A dose of good news came to Cobb, a man in desperate need of it. He's supposed to be ready for spring training when pitchers and catchers report in February to the complex in Sarasota.
"One hundred percent, yeah," he said. "I'm very fortunate that it is a procedure that is a fix. It's not a surgery that ... I think Tommy John, I think shoulder injury, those are big question marks on whether you come back from it. If you're a different type of person, a pitcher, your abilities are different, but this is something that's just going to relieve a lot of pain for me and maybe strengthen up that leg a lot more than I've had in the past.
"I'm excited to see how the rehab is and how I feel post-rehab and going into spring training."
Cobb won't head down to Sarasota to continue his rehab until cleared to do so at the National Hip Institute in Tennessee. And until he undergoes the cleanup procedure on his knee.
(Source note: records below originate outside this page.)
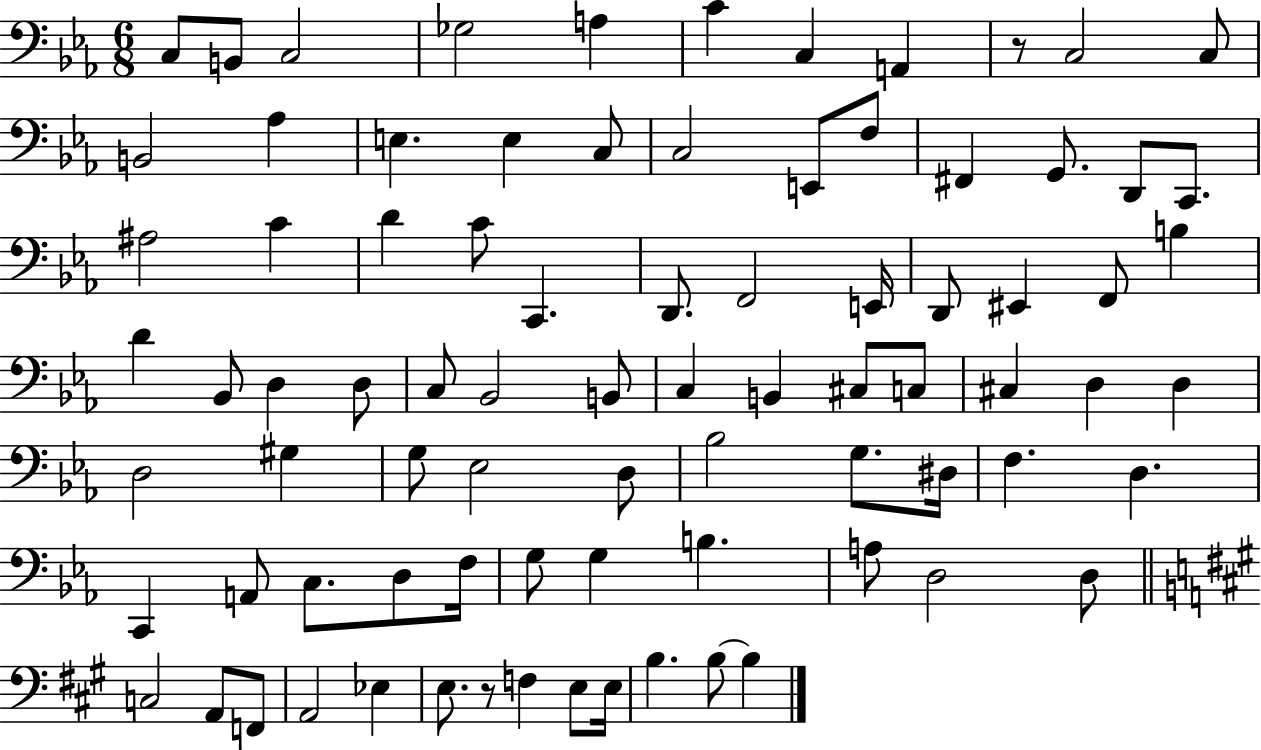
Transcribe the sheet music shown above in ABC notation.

X:1
T:Untitled
M:6/8
L:1/4
K:Eb
C,/2 B,,/2 C,2 _G,2 A, C C, A,, z/2 C,2 C,/2 B,,2 _A, E, E, C,/2 C,2 E,,/2 F,/2 ^F,, G,,/2 D,,/2 C,,/2 ^A,2 C D C/2 C,, D,,/2 F,,2 E,,/4 D,,/2 ^E,, F,,/2 B, D _B,,/2 D, D,/2 C,/2 _B,,2 B,,/2 C, B,, ^C,/2 C,/2 ^C, D, D, D,2 ^G, G,/2 _E,2 D,/2 _B,2 G,/2 ^D,/4 F, D, C,, A,,/2 C,/2 D,/2 F,/4 G,/2 G, B, A,/2 D,2 D,/2 C,2 A,,/2 F,,/2 A,,2 _E, E,/2 z/2 F, E,/2 E,/4 B, B,/2 B,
"It's him and one other guy who are very good at this specific surgery and obviously the rehab that goes along with it," Cobb said, "so I'm going to do that and get the knee surgery while I'm up here at some point and then I'm not sure what's going to take place after that."
Any trade talks involving Cobb have been silenced. He's no longer a chip for a rebuilding club. He's got to prove that he's healthy, get people out and begin enticing other teams again.
Cobb is more focused on giving something back to the Orioles after they handed out the richest contract for a pitcher in franchise history. With the cash comes guilt at not being able to live up to his end of the deal.
"I feel awful the way everything's kind of transpired and my career so far in Baltimore," Cobb said. "I am working hard to make the future the best that I can. I can't undo what's happened already, but I'm going to work hard to make things right going forward."